Srinagar: There is a twist in Prof Abdul Gani Bhat’s tale. The top Hurriyat leader has denied meeting the centre’s interlocutor Dineshwar Sharma. According to Bhat’s statement, he met a Kashmiri Pandit and a non-Kashmiri at his house at around 9.30 pm on November 27. He says he had a “general discussion with them on Kashmir”.
Bhat also denies that there was any other Hurriyat leader present at the time. He also has stayed short of identifying the non-Kashmiri leader. And if he met him he ought to be knowing who he is. They must have introduced themselves to him. And if he knows him why is he hiding his identity. The statement has thus hidden more than it has revealed. It has also deepened the mystery about Bhat’s meeting with two unidentified persons at his residence. What makes him not to come clean on this?
There are no answers. And Bhat is himself responsible for creating the confusion. Here it is important to recall that for a week after the story revealing his alleged meeting with Sharma was published, Bhat chose to neither confirm nor deny it. Why? Again there are no answers. One can very well ask if he didn’t meet the interlocutor why he waited for a week to deny it.
In a sense, this attempt to create confusion is the quintessential Bhat. He has always been like this, never known to give a straight answer to any question.
Tossing off wisecracks and bon mots, Bhat in his inimitable style chooses to philosophise an everyday situation.
In regard to Sharma, he made it known that the doors of his home were open to whosoever visited him. He expressed his commitment to the institution of dialogue. He even slammed the Joint Resistance Leadership comprising Syed Ali Geelani, Mirwaiz Umar Farooq and Yasin Malik for rejecting dialogue with the interlocutor.
And now following a weeklong hullabaloo about his alleged meeting with Sharma, Bhat denies that it even took place. And the meeting, on the contrary, was held with the two strangers. This is almost a riddle wrapped in a mystery inside an enigma. Nobody knows what is on the Bhat’s mind. But one thing is for sure: Bhat’s refusal to go along with the JRL’s policy on talks with Sharma has exposed the deep rumblings within the separatist ranks.
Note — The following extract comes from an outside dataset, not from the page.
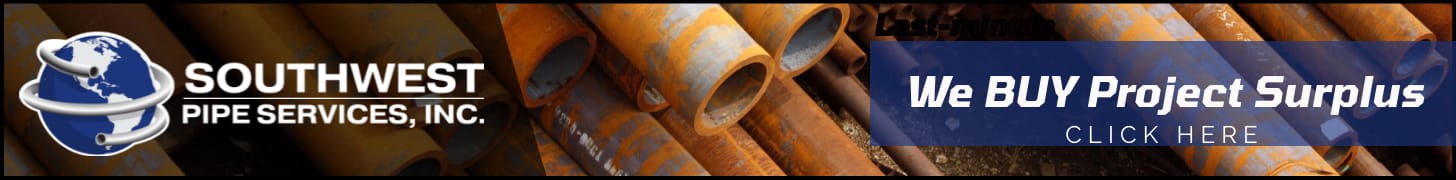 Southwest Pipe Yard in Houston Area and Kansas OKC Pipeliners Events Calendar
This is seen as an attempt by the leaders marginalised by JRL’s ascent to separatist to assert their relevance and to snatch the limelight back from the JRL. Bhat, along with Bilal Gani Lone and some other leaders isn’t happy with the JRL becoming the sole arbiter of Kashmir’s separatist discourse. So weren’t earlier the senior leaders like Shabir Shah and Nayeem Khan – both now in NIA custody – in the Geelani camp.
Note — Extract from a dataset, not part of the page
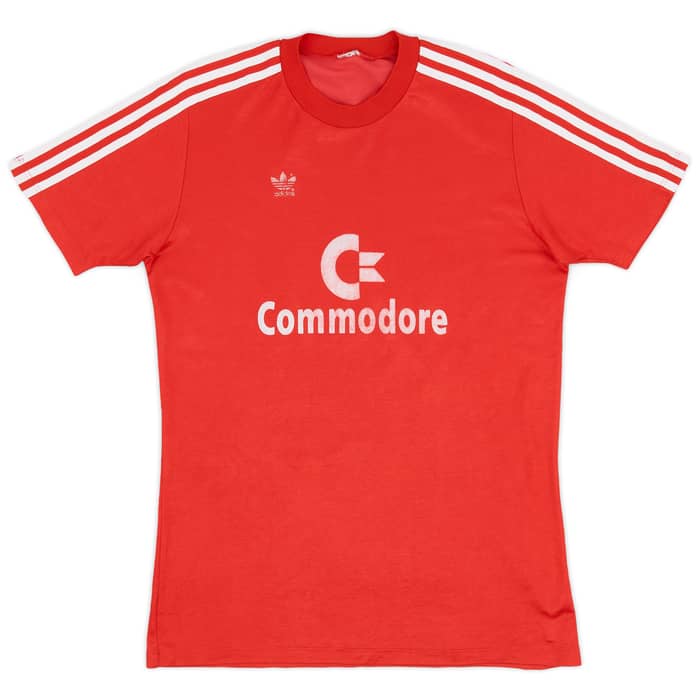 1984-89 Bayern Munich Home Shirt - 6/10 - (M)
Early this year, Shabir Shah had resigned as the General Secretary of the Geelani faction. But with Bhat batting for dialogue, even the one with Sharma, the discontent is out into the open. There is thus a need in the pro-freedom camp to forge a larger unity. The decisions need to be taken with consensus which as of now doesn’t seem to be the case as Bhat’s revolt seems to indicate. The need is also for the top leadership to reach out to other senior leaders and bring them back into spotlight. This alone will take care of the crisis facing the separatist camp.